Per-title encoding is the technique of customising the bitrate ladder for each video individually instead of using one fixed ladder for all content. The insight is simple: a static lecture and a snow-storm action sequence have totally different compression needs. The lecture compresses to clean quality at 2 Mbps; the action scene needs 8 Mbps to look as good. A one-size-fits-all ladder gives the lecture more bits than it needs (wasting CDN bandwidth) and gives the action too few (giving the viewer a worse picture). Per-title encoding analyses each video's complexity and picks the right rungs for that video.
The technique was pioneered by Netflix in 2015 and shocked the streaming industry: across Netflix's catalogue, per-title encoding delivered roughly 20 % bitrate savings at the same perceived quality, meaning 20 % off their CDN bills with no viewer-side downside.
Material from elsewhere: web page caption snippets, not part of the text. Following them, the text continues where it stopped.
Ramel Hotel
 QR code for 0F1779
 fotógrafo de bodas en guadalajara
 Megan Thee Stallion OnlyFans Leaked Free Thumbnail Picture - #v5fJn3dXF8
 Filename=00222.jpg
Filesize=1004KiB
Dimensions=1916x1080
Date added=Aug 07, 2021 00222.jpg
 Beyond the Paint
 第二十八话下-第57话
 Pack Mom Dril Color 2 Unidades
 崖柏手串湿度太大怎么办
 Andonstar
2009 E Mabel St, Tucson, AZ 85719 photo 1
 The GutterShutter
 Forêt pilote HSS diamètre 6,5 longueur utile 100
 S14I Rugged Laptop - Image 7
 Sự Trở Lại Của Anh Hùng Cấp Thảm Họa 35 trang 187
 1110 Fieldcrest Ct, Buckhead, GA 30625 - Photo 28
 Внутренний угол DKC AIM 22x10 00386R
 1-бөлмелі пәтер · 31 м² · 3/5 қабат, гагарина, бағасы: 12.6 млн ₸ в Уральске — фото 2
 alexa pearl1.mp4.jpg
The savings vary by content type — simple talking-head content saves more (40–50 %), complex action saves less (5–10 %), but the average across a real catalogue lands around 20 %.
For a product team in 2026, per-title encoding is table stakes for any serious VOD service. The pipeline: encode the video at several quality levels, measure the VMAF score at each, fit a quality curve, then pick the smallest bitrate at each resolution that hits the target VMAF. Modern services from Netflix, YouTube and Disney+ extend this with per-scene-encoding (optimisation per scene, not just per title) and context-aware-encoding (different ladders for different device classes). Off-the-shelf services that handle per-title encoding for you: Mux, Bitmovin Encoding, AWS MediaConvert QVBR, NETINT VPUs with built-in CAE.